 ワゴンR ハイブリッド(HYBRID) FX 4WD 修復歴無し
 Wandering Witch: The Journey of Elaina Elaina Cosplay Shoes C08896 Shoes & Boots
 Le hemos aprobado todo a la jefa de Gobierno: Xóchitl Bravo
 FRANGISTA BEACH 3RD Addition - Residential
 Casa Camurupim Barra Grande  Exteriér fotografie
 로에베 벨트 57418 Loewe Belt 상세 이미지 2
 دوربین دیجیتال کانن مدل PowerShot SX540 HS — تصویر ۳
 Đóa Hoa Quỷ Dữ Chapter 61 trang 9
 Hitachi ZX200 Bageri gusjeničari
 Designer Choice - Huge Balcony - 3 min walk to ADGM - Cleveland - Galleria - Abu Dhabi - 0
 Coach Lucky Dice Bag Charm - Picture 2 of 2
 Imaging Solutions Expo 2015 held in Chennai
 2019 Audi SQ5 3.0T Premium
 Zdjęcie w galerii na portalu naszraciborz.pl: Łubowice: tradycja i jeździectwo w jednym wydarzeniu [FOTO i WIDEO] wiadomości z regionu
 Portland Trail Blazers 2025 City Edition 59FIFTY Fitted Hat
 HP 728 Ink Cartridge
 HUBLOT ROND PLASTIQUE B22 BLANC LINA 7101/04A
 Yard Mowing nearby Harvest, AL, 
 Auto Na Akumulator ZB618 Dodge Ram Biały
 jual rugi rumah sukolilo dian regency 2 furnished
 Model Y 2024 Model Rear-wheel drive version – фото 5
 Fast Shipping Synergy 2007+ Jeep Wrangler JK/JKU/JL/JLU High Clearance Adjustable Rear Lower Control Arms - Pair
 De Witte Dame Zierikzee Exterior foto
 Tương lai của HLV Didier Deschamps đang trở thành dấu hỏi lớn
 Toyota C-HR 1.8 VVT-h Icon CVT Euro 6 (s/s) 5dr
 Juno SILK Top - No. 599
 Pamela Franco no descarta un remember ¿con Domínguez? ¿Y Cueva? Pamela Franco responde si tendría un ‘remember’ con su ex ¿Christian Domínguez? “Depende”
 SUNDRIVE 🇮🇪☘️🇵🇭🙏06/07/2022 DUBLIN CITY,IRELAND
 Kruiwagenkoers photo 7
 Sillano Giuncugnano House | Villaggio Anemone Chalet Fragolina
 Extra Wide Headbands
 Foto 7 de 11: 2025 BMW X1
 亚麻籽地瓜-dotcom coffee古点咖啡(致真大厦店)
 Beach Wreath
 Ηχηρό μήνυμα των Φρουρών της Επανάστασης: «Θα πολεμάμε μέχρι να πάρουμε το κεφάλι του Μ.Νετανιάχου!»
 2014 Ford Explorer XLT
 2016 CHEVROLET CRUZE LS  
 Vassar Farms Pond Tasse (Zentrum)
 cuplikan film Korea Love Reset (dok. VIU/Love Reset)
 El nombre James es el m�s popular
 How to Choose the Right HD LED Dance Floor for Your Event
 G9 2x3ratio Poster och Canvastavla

════

# Work instructions
All of the material needs to be reproduced exactly as it reads.

# Task output
 ワゴンR ハイブリッド(HYBRID) FX 4WD 修復歴無し
 Wandering Witch: The Journey of Elaina Elaina Cosplay Shoes C08896 Shoes & Boots
 Le hemos aprobado todo a la jefa de Gobierno: Xóchitl Bravo
 FRANGISTA BEACH 3RD Addition - Residential
 Casa Camurupim Barra Grande  Exteriér fotografie
 로에베 벨트 57418 Loewe Belt 상세 이미지 2
 دوربین دیجیتال کانن مدل PowerShot SX540 HS — تصویر ۳
 Đóa Hoa Quỷ Dữ Chapter 61 trang 9
 Hitachi ZX200 Bageri gusjeničari
 Designer Choice - Huge Balcony - 3 min walk to ADGM - Cleveland - Galleria - Abu Dhabi - 0
 Coach Lucky Dice Bag Charm - Picture 2 of 2
 Imaging Solutions Expo 2015 held in Chennai
 2019 Audi SQ5 3.0T Premium
 Zdjęcie w galerii na portalu naszraciborz.pl: Łubowice: tradycja i jeździectwo w jednym wydarzeniu [FOTO i WIDEO] wiadomości z regionu
 Portland Trail Blazers 2025 City Edition 59FIFTY Fitted Hat
 HP 728 Ink Cartridge
 HUBLOT ROND PLASTIQUE B22 BLANC LINA 7101/04A
 Yard Mowing nearby Harvest, AL, 
 Auto Na Akumulator ZB618 Dodge Ram Biały
 jual rugi rumah sukolilo dian regency 2 furnished
 Model Y 2024 Model Rear-wheel drive version – фото 5
 Fast Shipping Synergy 2007+ Jeep Wrangler JK/JKU/JL/JLU High Clearance Adjustable Rear Lower Control Arms - Pair
 De Witte Dame Zierikzee Exterior foto
 Tương lai của HLV Didier Deschamps đang trở thành dấu hỏi lớn
 Toyota C-HR 1.8 VVT-h Icon CVT Euro 6 (s/s) 5dr
 Juno SILK Top - No. 599
 Pamela Franco no descarta un remember ¿con Domínguez? ¿Y Cueva? Pamela Franco responde si tendría un ‘remember’ con su ex ¿Christian Domínguez? “Depende”
 SUNDRIVE 🇮🇪☘️🇵🇭🙏06/07/2022 DUBLIN CITY,IRELAND
 Kruiwagenkoers photo 7
 Sillano Giuncugnano House | Villaggio Anemone Chalet Fragolina
 Extra Wide Headbands
 Foto 7 de 11: 2025 BMW X1
 亚麻籽地瓜-dotcom coffee古点咖啡(致真大厦店)
 Beach Wreath
 Ηχηρό μήνυμα των Φρουρών της Επανάστασης: «Θα πολεμάμε μέχρι να πάρουμε το κεφάλι του Μ.Νετανιάχου!»
 2014 Ford Explorer XLT
 2016 CHEVROLET CRUZE LS  
 Vassar Farms Pond Tasse (Zentrum)
 cuplikan film Korea Love Reset (dok. VIU/Love Reset)
 El nombre James es el m�s popular
 How to Choose the Right HD LED Dance Floor for Your Event
 G9 2x3ratio Poster och Canvastavla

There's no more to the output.